Post by Kirill Kryukov »

Uri Blass wrote:The target of the list that I think about is not to compare different engine and to claim engine A is better than B but a different target.
My target is 1. To find ranking of free engines. 2. To estimate rating differences for close engines. (3. To find various other things in the process like ponder hit or draw rate statistics).
Uri Blass wrote:The first target is to see how much rating the same engine get from additional ply and if there is diminishing return.
I think this is not generally interesting, but may be interesting for developer of particular engine?
Uri Blass wrote:After having a rating list the list can be used later to help to determine rating of weak engines to see if they made progress and how much progress they made because it save part of the computer time.
There is plenty of free engines or all strengths, they can also be used as reference to determine whether particular engine made progress. I think it is important to test engines with close opponents only, and fortunately there are enough free engines of any strength to enable good comparison.
Uri Blass wrote:If you test weak engine that is not used at fixed depth against rybka at fixed depth 6 or against Yace at depth 8 you can get
more reliable result relative to testing it against weak engines and one problem that happens with some weak engines is that they may do stupid mistakes because of bugs and lose against significantly weaker engines.

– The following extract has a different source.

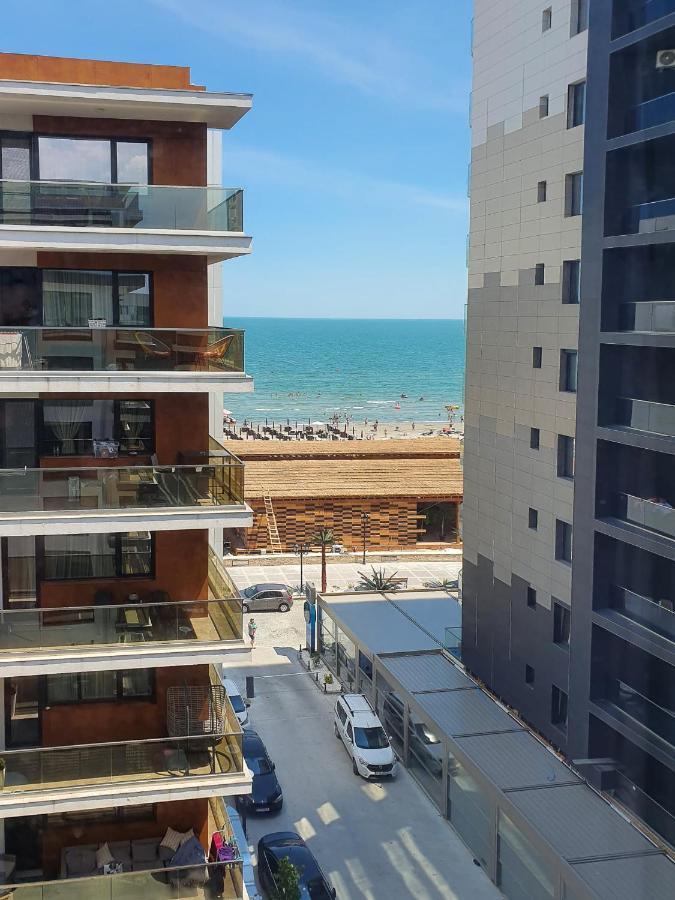 Black Sea Booking - Sky Navodari Ngoại thất bức ảnh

You always mention engine bugs. Each free engine has its own bugs, so using many different engines would minimize the effect of each particular bug. As long as an engine is able to play valid moves, it can have its rating estimated by playing with other engines. Any bugs particular engine may have will not distort the rating scale as a whole because other engines don't have that same bug but different bugs.

On the other hand, using Rybka or other strong engines with fixed depth can also be considered a "bug". In this case you are proposing to use many engines with the same sort of "bug". And this exactly will lead to the distortion of the rating scale which you are trying to avoid. Example scenario (though other scenarios are possible too): An engine with capped search depth is obviously weak tactically. Therefore the free engines (tested versus these search-depth-capped strong engines) which are for some reason good versus a tactically weak engine will get advantage. So this strategy will reward some engines more than other engines. This is just a hypothesis, reality may be different. Anyway my point is that introducing the same kind of handicap you are introducing a systematic error which will distort the rating list. As a result, the ratings will be incorrect and may lead to wrong predictions when comparing free engines to each other. That's why I think that it's better and more natural to test each free engine versus other free engines, but only those that have similar strength.
Uri Blass wrote:Imagine an engine that usually play like 2300 and sometime plays stupid mistakes because of hash bug(in 30% of the games) so it gets rating of 2100.
This engine may score only 60% against 1900 and 40% against 2300 and the result may be that the rating gap between them becomes smaller and the 1900 gets practically higher rating than the rating that it deserves.
You can't "usually" play like 2300. Either you play like 2300 or you don't. If an engine gets tested and receives a rating of 2100, we have no way to determine whether it was because of bugs or something else. We can't say that it "usually" plays like 2300, if it got rating of 2100. All engines make sometimes strong moves and sometimes weak moves. Was it a lack of positional knowledge, a bad luck, a result of bug, or anything else - is difficult to answer. May be for an engine developer it is possible to answer that. Anyway even if 1900 gets practically higher it's OK because more importantly it does not distort the ranking (order) of engines, and it does not distort the rating scale much either because it is only one engine out of 50 or more.
Uri Blass wrote:I think that using non buggy engines at fixed depth to determine rating of weak engines is a better solution and later the buggy engines
can get rating mainly based on performance against the fixed depth non buggy engines.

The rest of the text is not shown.